Talk to an AI assistant long enough and you will feel it happen. Something you told it near the start, your name, a constraint, a decision you both agreed on, quietly stops being true for it. It contradicts itself. It asks for a thing you already gave it. It forgets.

This is not the model being dumb. It is the model hitting a wall that every one of them has: a fixed-size working memory, and a hard edge to it. Everything the model can “see” at once, your message, its own past replies, any documents, the instructions, all of it has to fit inside one bounded space called the context window. Fill it up, and something has to go. And here is the twist that surprised even the researchers: the model starts failing before the window is full, because it doesn’t even read the whole thing evenly.

The craft of managing that bounded space, deciding what the model gets to see on every single call so the right things are present and the noise is gone, is called context engineering. It has quietly become one of the most important skills in building with AI, to the point that people say it replaced prompt engineering. Let me show you why forgetting happens, the study that proved the sneaky part, and the concrete moves teams use to fight it, with both everyday and developer examples.

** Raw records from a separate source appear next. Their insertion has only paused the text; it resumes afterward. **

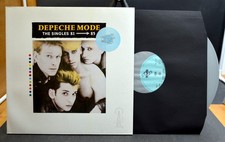 LP - DEPECHE MODE - The Singles 81 - 85 / GREY Vinyl - Mute 3 / + metallic print
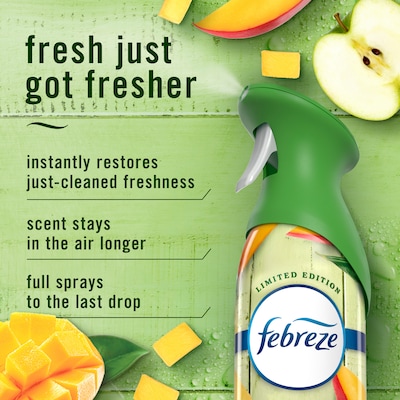 Febreze Air Mist Air Freshener Spray, Lilac Sunrise/Juicy Summer Peaches/Mango Splash Scent, 8 oz., 3/Pack (21291)
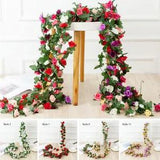 Peony Dlower Vine Wedding Home Room Decor Garden Arch Decor Fake Flowers Vine SS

The context window: a desk, not a filing cabinet

Picture the model’s memory not as a filing cabinet that stores everything, but as a desk of a fixed size. Whatever it’s working on has to be laid out on that desk right now. The system instructions, your question, the conversation so far, any files it’s referencing, all of it competes for the same finite surface. There is no “and also remember this from an hour ago” drawer. If it’s not on the desk, the model cannot see it. Full stop.

So what happens when the desk fills? The oldest papers slide off the far edge to make room. That is the plain mechanical reason an assistant forgets what you said early in a long chat: those tokens literally scrolled off the desk to fit the newer ones.

desk is full
system instructions (pinned)
turn 1: "my name is Sreenath, I use TypeScript"
turn 2: "the budget is fixed, don't exceed it"
turn 14: recent back-and-forth
turn 15: your latest message
newest stays · oldest slides off to make room
A context window is a desk of fixed size measured in tokens. When a long conversation overflows it, the earliest turns fall off the edge, which is exactly the stuff you set up at the start ("my name is...", "don't exceed the budget"). The model isn't ignoring you. That information is no longer on the desk.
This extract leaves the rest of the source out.